#### Task instructions:
The whole listing needs retyping exactly; keep the pictures out of it.

*** Opening of Given data ***

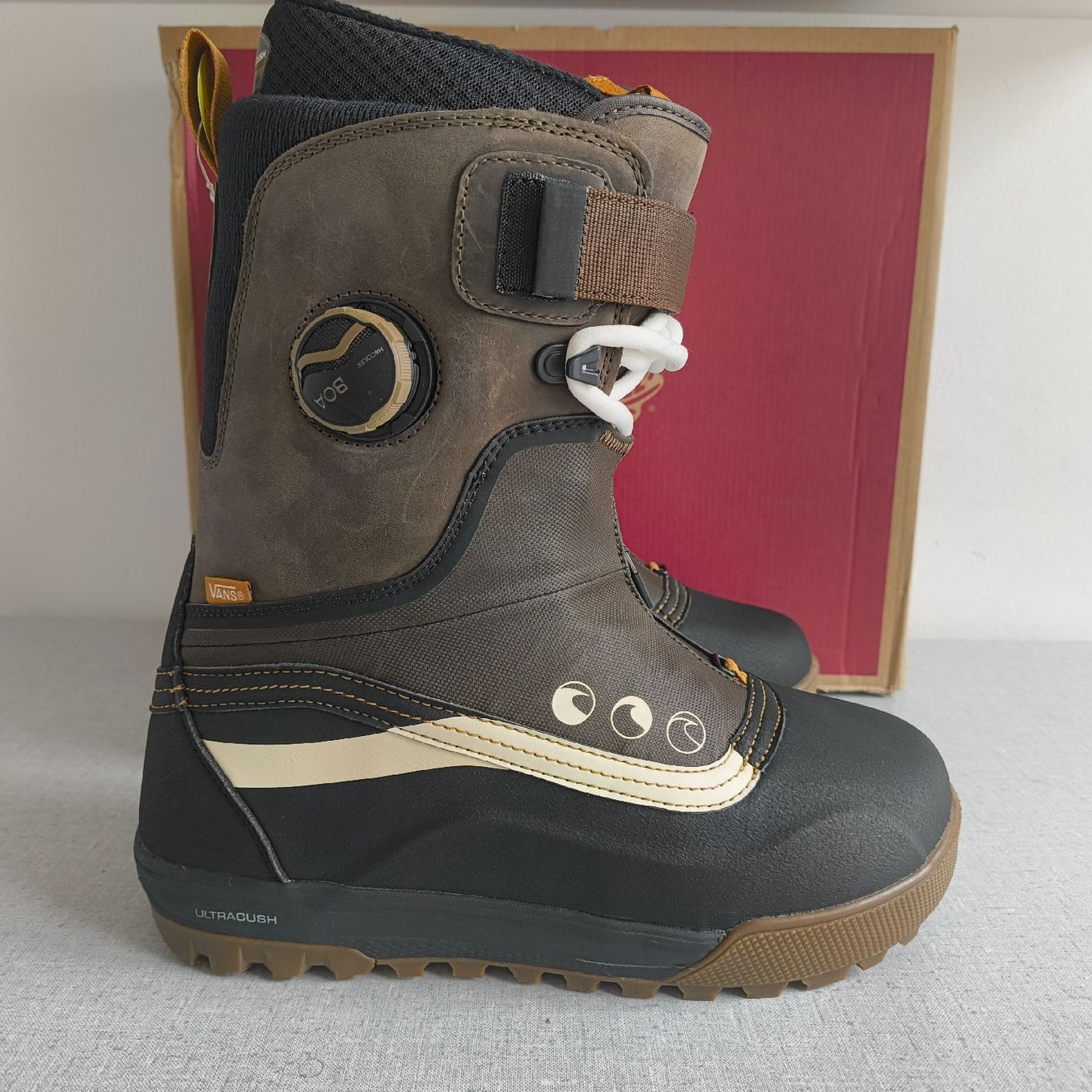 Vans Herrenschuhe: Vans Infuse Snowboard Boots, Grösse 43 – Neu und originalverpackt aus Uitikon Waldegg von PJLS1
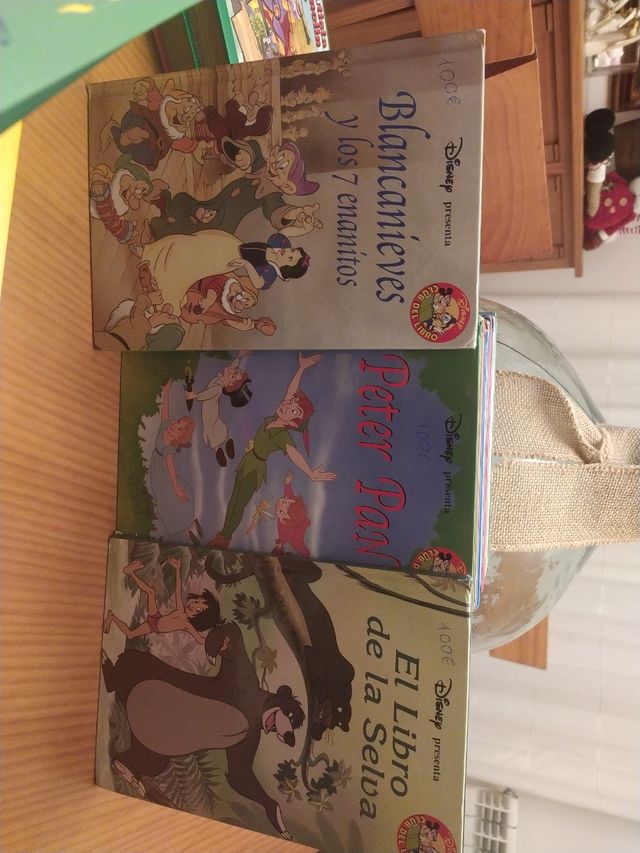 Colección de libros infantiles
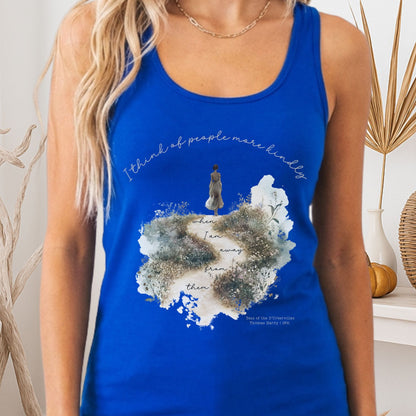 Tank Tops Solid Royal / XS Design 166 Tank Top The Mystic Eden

*** Close of Given data ***

#### Answer to the problem:
 Vans Herrenschuhe: Vans Infuse Snowboard Boots, Grösse 43 – Neu und originalverpackt aus Uitikon Waldegg von PJLS1
 Colección de libros infantiles
 Tank Tops Solid Royal / XS Design 166 Tank Top The Mystic Eden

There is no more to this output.